Configure Cluster Health Monitor Settings

The Cluster Health Monitor Settings section of the Cluster page displays the settings described in the table below.

Cluster Health Monitor Settings
Cluster Health Monitor Settings
Cluster Health Monitor Settings Section Table Fields

Field

Description

Timeouts

Hold Time

Between .3 and 45 seconds; The default is 3 seconds. To determine node system health, the cluster nodes send heartbeat messages on the cluster control link to other nodes. If a node does not receive any heartbeat messages from a peer node within the hold time period, the peer node is considered unresponsive or dead.

Interface Debounce Time

Between 300 and 9000 ms. The default is 500 ms. The interface debounce time is the amount of time before the node considers an interface to be failed, and the node is removed from the cluster.

Monitored Interfaces

The interface health check monitors for link failures. If all physical ports for a given logical interface fail on a particular node, but there are active ports under the same logical interface on other nodes, then the node is removed from the cluster.
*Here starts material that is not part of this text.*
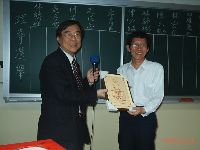 0318_017.JPG (79960 bytes)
The amount of time before the node removes a member from the cluster depends on the type of interface and whether the node is an established node or is joining the cluster.

Service Application

Shows whether the Snort and disk-full processes are monitored.

Unmonitored Interfaces

Shows unmonitored interfaces.

Auto-Rejoin Settings

Cluster Interface

Shows the auto-rejoin settings after a cluster control link failure.

Attempts

Between -1 and 65535. The default is -1 (unlimited). Sets the number of rejoin attempts.

Interval Between Attempts

Between 2 and 60. The default is 5 minutes. Defines the interval duration in minutes between rejoin attempts.

Interval Variation

Between 1 and 3. The default is 1x the interval duration. Defines if the interval duration increases at each attempt.

Data Interfaces

Shows the auto-rejoin settings after a data interface failure.

Attempts

Between -1 and 65535. The default is 3. Sets the number of rejoin attempts.

Interval Between Attempts

Between 2 and 60. The default is 5 minutes. Defines the interval duration in minutes between rejoin attempts.

Interval Variation

Between 1 and 3. The default is 2x the interval duration. Defines if the interval duration increases at each attempt.

System

Shows the auto-rejoin settings after internal errors. Internal failures include: application sync timeout; inconsistent application statuses; and so on.

Attempts

Between -1 and 65535. The default is 3. Sets the number of rejoin attempts.

Interval Between Attempts

Between 2 and 60. The default is 5 minutes. Defines the interval duration in minutes between rejoin attempts.

Interval Variation

Between 1 and 3. The default is 2x the interval duration. Defines if the interval duration increases at each attempt.

Note

If you disable the system health check, fields that do not apply when the system health check is disabled will not show.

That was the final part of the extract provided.